Aunque no te conocí personalmente, sabía que existías … vos y los tuyos. Sí, los otros correctores de Tiempo Argentino. Recuerdo cuando a los que siendo grandes, más grandes que vos, Raquel, nos corregían las primeras cartas de lectores que nos atrevíamos a escribir para Tiempo. Era en la calle Amenábar. Supimos, con la sutileza que emplea la mano amiga, de las intervenciones que nos enseñaban con el ejemplo, hecho acto, en las mismas páginas de nuestro diario.
¡Es tan difícil ser corrector! Y vos fuiste una educadora silenciosa. Esa corrección que exige saber de todo pero que nunca busca solazarse con el señalamiento vano. Es más, tu pudor profesional, como el de tantos de tu especialidad, te ponía en el brete de sugerir, de insinuar, de aludir la existencia del error o el equívoco, de una manera tan sutil, tan delicada que el autor creía que se estaba autocorrigiendo.
Seguramente esta nota hubiera merecido tu necesaria intervención. De lo que estoy seguro es que –sin pensar lo mismo– pero apretando los dientes y tomados de la mano, habríamos transitado, ayer, hoy y mañana, los mismos caminos de reivindicación de tantos compañeros traicionados por quienes fueron capaces de venderlos al mejor postor.

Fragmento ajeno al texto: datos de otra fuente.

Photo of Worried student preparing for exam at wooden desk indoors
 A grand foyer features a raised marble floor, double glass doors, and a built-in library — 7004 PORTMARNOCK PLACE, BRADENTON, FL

Como en las cosas del espíritu no hay tiempo, seguirás estando a la vuelta de cada palabra, de cada nota, de cada artículo.
Tu paso por esta vida te convirtió en maestra. Y los maestros sabemos que todo lo enseñado se aloja, queda guardado como «esencia de un querer ser», en ese reducto formidable y misterioso que es el alma.